Once you have brainstormed an admissible heuristic that works well, you can check whether it is indeed consistent, too. The only way to guarantee consistency is with a proof. However, inconsistency can often be detected by verifying that for each node you expand, its successor nodes are equal or higher in f-value. Moreover, if A* ever returns paths of different lengths, your heuristic is inconsistent.

4. A* for many waypoints

Now, consider the more general and harder problem of finding the shortest path through a maze while hitting multiple waypoints. As instructed in Part 1, your state representation, goal test, and transition model should already be adapted to deal with this scenario. The next challenge is to solve different mazes using A* search with an admissible heuristic designed by you.

You can still debug your method using the tiny maze with uninformed BFS, or the heuristic defined in part 2. However, to successfully handle all the inputs, it is crucial to use A* and come up with a better heuristic with better efficiency. Once again, for full credit, your heuristic should be admissible and should permit you to find the solution for the medium search 1) with much fewer explored states than uninformed BFS and 2) in a reasonable amount of time. If you have some other clever way to approach the multiple-dot problem, implement that for part 5.

Write your implementation as a function astar_multiple(_:) in search.py with the following signature:

def astar_multiple(maze):

You can test your implementation by running main.py as follows, replacing data/part-4/medium as needed:

python3 main.py data/part-4/medium --search astar_multiple

Hints for Part 4

In the past almost all working solutions to this problem have used a heuristic based on the minimum spanning tree. The minimum spanning tree of a set of points can be computed easily via Kruskal's algorithm or Prim's algorithm. If T is the total length of the edges in the minimum spanning tree, then the shortest path connecting all the points must have length between T and 2T.

Now, suppose you are in the middle of a search.
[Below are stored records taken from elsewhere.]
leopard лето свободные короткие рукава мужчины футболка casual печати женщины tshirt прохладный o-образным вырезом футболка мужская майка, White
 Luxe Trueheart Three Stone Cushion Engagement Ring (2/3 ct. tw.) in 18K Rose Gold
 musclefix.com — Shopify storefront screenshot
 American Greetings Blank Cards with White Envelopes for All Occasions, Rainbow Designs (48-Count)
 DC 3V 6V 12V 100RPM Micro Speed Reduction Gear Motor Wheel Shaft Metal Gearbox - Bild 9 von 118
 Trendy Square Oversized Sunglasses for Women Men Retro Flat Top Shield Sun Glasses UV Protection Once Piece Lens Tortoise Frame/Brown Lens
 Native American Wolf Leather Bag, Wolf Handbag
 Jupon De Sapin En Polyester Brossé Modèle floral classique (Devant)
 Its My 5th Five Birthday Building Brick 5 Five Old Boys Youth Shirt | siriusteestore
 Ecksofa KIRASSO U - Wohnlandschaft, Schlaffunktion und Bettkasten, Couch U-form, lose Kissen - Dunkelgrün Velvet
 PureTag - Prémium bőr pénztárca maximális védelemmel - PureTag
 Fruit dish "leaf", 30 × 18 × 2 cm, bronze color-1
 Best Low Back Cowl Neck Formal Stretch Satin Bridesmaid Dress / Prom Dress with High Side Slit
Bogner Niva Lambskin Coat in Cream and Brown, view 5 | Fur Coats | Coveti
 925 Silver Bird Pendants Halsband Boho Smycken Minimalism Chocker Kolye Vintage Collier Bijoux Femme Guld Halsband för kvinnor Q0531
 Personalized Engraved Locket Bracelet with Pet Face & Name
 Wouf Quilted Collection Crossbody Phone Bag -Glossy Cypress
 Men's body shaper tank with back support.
You're at some location (x,y) with a set of S dots still to reach. Your heuristic function h might be the sum of the distance from (x,y) to the nearest dot, plus the MST length for the dots in S. To compute the MST for a set of dots, you'll need the distance between each pair of dots. The Manhattan distances (or real shortest-path lengths precomputed by A* for single dot) will work here. You may also be able to find a better method.

During search, you'll have many states with the same set of objectives S. So, once you compute the MST length for a set of dots S, you'll probably need to use this number again. Make a table of known MST values to avoid re-doing the MST computation.

Submitting to Gradescope

Submit this assignment by uploading search.py to Gradescope. You can upload other files with it, but only search.py will be retained by the autograder.

This assignment is worth 100 points. The grading rubric is as follows:

part total points # mazes points per maze
1 20 points 5 4 points
2 20 points 5 4 points
3 30 points 3 10 points
4 30 points 3 10 points

Plagiarism

It's ok to copy small amounts of utility code from 3rd party sources, as long as the source is acknowledged. However, it is not ok to consult or copy from full implementations of the algorithm in question, e.g. old code from similar MPs (at UIUC or elsewhere). Gradescope has a pretty good code similarity detection system, which checks for similarity of your code to both your classmates and to online sources, and we use it. Please do not copy code from your classmates. Thanks!